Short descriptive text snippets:
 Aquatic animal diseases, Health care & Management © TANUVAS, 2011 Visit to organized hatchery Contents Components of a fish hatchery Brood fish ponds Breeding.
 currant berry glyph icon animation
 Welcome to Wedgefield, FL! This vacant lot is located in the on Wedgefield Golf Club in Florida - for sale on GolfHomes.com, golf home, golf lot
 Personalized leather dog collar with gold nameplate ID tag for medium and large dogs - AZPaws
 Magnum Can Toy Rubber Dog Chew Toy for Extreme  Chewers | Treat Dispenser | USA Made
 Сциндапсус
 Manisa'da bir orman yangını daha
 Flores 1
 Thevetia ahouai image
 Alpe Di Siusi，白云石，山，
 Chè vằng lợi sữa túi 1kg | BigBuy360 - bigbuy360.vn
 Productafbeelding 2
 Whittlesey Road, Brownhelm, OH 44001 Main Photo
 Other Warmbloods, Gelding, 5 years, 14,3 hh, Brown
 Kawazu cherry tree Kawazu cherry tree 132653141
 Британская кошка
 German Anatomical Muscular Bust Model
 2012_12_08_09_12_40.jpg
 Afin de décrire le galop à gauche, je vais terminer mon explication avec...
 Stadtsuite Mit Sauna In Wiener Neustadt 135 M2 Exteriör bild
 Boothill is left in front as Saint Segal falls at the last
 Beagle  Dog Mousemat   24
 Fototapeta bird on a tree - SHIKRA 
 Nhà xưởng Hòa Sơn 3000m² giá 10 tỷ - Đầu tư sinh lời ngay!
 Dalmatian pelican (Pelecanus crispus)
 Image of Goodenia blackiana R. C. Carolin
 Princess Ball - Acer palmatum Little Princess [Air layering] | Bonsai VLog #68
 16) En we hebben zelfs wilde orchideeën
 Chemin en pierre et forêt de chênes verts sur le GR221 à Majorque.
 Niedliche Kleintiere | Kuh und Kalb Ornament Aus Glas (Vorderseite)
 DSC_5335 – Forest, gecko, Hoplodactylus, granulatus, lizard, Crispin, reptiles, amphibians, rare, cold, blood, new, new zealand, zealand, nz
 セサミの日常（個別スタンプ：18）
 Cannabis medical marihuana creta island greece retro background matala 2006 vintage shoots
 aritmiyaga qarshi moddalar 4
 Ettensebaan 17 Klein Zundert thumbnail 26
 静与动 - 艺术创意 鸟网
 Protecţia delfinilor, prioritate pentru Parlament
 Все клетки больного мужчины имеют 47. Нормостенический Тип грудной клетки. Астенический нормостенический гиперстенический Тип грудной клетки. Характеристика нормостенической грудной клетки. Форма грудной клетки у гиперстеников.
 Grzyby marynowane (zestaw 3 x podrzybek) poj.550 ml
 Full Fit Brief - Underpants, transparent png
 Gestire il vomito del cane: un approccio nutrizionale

* About this task *
Reproduce every line of the entries above, unchanged, from the very first one down to and including the line containing "Afin de décrire".

* Task output *
 Aquatic animal diseases, Health care & Management © TANUVAS, 2011 Visit to organized hatchery Contents Components of a fish hatchery Brood fish ponds Breeding.
 currant berry glyph icon animation
 Welcome to Wedgefield, FL! This vacant lot is located in the on Wedgefield Golf Club in Florida - for sale on GolfHomes.com, golf home, golf lot
 Personalized leather dog collar with gold nameplate ID tag for medium and large dogs - AZPaws
 Magnum Can Toy Rubber Dog Chew Toy for Extreme  Chewers | Treat Dispenser | USA Made
 Сциндапсус
 Manisa'da bir orman yangını daha
 Flores 1
 Thevetia ahouai image
 Alpe Di Siusi，白云石，山，
 Chè vằng lợi sữa túi 1kg | BigBuy360 - bigbuy360.vn
 Productafbeelding 2
 Whittlesey Road, Brownhelm, OH 44001 Main Photo
 Other Warmbloods, Gelding, 5 years, 14,3 hh, Brown
 Kawazu cherry tree Kawazu cherry tree 132653141
 Британская кошка
 German Anatomical Muscular Bust Model
 2012_12_08_09_12_40.jpg
 Afin de décrire le galop à gauche, je vais terminer mon explication avec...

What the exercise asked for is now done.